Opinion

Bacardi guaranteed or indemnified to breeze through contractual interpretation

Published Date
Jun 16 2021
Once again the court looks at the vexed question of the distinction between a guarantee and an indemnity.

The main dispute arose under a cost-sharing agreement and was referred to arbitration.

This was the trial of a number preliminary issues about the surety obligations under the agreement. I am going to look just one of those.

The court reminded us of the distinction between the two types of surety obligation:

  • under a guarantee the liability of the guarantor is always ancillary, or secondary, to that of the principal, who remains primarily liable to the creditor. There is no liability on the guarantor unless and until the principal has failed to perform their obligation;
  • an indemnity is an independent primary obligation to pay under the circumstances specified. 

The court provided (yet another) handy summary of the principles that apply to the rules of interpretation. Neither party was relying on factual context. Both were relying on "commercial common sense" and both focused primarily on the words used.

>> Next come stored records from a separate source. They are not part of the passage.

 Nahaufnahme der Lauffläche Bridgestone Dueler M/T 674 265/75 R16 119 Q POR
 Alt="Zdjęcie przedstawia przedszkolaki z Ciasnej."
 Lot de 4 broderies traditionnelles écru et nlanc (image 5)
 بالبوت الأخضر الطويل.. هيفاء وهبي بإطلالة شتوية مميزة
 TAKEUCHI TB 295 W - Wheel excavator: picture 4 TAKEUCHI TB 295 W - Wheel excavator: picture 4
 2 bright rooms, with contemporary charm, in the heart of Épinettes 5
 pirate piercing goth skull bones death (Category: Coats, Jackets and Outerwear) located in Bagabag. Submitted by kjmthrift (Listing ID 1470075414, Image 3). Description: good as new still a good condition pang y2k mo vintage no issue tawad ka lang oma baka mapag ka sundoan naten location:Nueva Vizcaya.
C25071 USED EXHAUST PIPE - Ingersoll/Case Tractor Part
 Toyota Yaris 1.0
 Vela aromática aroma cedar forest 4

In reaching its conclusion that the provision was an indemnity, the court held that: 

  1. Explicit guarantee obligations were provided for elsewhere in the agreement. The inclusion of a separate obligation, which referred to an agreement to indemnify and used different language to the guarantee obligations, favoured an interpretation of an indemnity. The court noted the principle that the agreement should be considered as a whole and no part of an agreement should be considered as surplusage unless no other conclusion is available; 
  2. As a professionally drafted document, the parties were aware of the distinction between the types of obligations and reliance should therefore be placed on the different language used; and
  3. The type of loss covered was consequential loss and extended to losses suffered by parties other than the principal creditor.  An obligation that extends beyond losses and costs for which the principal creditor can claim will be, or is more likely to be, a primary obligation.